Miyagi: Hai. No get hit. ~ The Karate Kid
Fundamentally in order for someone to collide with you, they have to get close to you. By keeping a reasonable distance from the couple in front, they shouldn't be a problem. Let's face it, when was the last time you saw someone actually trying to continually dance the wrong way around the floor? (The one time I did see this, there was a pile up of people long before they got anywhere near to me).
The problem is the guy behind you. However although he may well tailgate you, unless he's drunk, he shouldn't just walk straight into you. What he'll probably do is one of the following ways of "overtaking"...
"Why shouldn't I stand here?"
"Because it's a KILLBOX, Tony! People go there to DIE!" ~ Iron Man 2
Corners are both your friend and a Very Bad Place to be.
It's not unusual for London dancers to cut the corners. In doing so they effectively travel a shorter distance and so overtake you. Unfortunately, the difference in distance isn't really that great so more often they misjudge it and crash into you.

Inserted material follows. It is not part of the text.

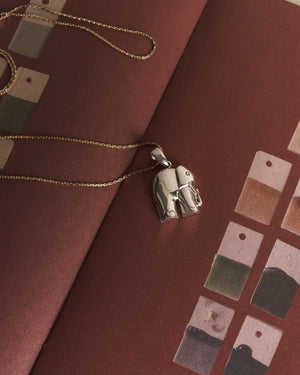 The Lucky Elephant
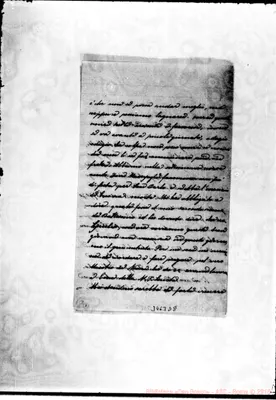 Fotogramma D 8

When you come to a corner, go right into it. You're safe there. Now for the Killbox - as you exit the corner, that's when you're vulnerable.
Fortunately even in close embrace you'll always be able to see to your left. So much like joining motorway traffic, make sure that no-one's going to collide with you before you step into the Killbox. I'd also recommend trying to get a bit of space ahead of you so you can get past this danger zone quickly. You really don't want to hang around here.
If you do have someone who's tailgating you and you're near a corner, usually simply going deeply into it will cause them to overtake you. Now they're not a problem any more. Well, not your problem anyway.
But what if you're nowhere near a corner and the guy behind you is tailgating anyway?
Well the first problem that can happen is this. You move to the part of your area shown in the diagram and he'll try to overtake as shown by the arrow.
The only bonus with this is at least people seem to do it quickly. The problem with this is if there isn't quite enough room, then the only safe thing for you to do is to switch lanes and move towards the centre of the room. I see this happen a lot to considerate dancers in London. They start off on the outside and gradually get shuffled into the centre by the more aggressive dancers trying to overtake them on the left.
The solution is to really hug the side. If you're going to take a step that would cause you to move to that part of your area, first get in really close to the side. That way, when you do the step, you'll only be in the middle and he won't be able to try this.
That solves the immediate problem, but it's not fun having someone right up behind you, especially if his follower is wearing heels.
Merlin: What are you doing? You're slowing down, you're slowing down!
Maverick: I'm bringing him in closer, Merlin.
Merlin: You're gonna do what?
Maverick: I'll hit the brakes, he'll fly right by. ~ my favourite scene from Top Gun
You can adopt this strategy to tango. You need to be careful of the timing, but basically you can deliberately shift one lane to the inside and dance on the spot - that is, don't progress. The guy who was tailgating you will zip past and then you can change back into your original lane.
I prefer to use the corners, but as I say, sometimes they're just too far away.
Jester: That was some of the best flying I've seen to date - right up to the part where you got killed. ~ my second favourite scene from Top Gun
Londoners take a fair amount of abuse about the quality of their dancing. Yet quite simply there are plenty of dancers out there who dance with respect for themselves, their partner, the music, and the other dancers.
The problem I've repeatedly seen is that they often don't get to actually dance well, because they're forever having to deal with the insane lack of floorcraft around them. Let's face it, it's hard to be musical when you're being continually edged out of your lane and dodging flying boloes.
Hopefully this method now solves this problem.
Take some time, get the hang of it and you should be able to dance musically and socially in London. If you get the opportunity to combine this with the convoy method, I'd recommend it, but using this method, I can dance a whole night in London without either me or my followers being touched by other dancers.
And yes, that does include Negracha.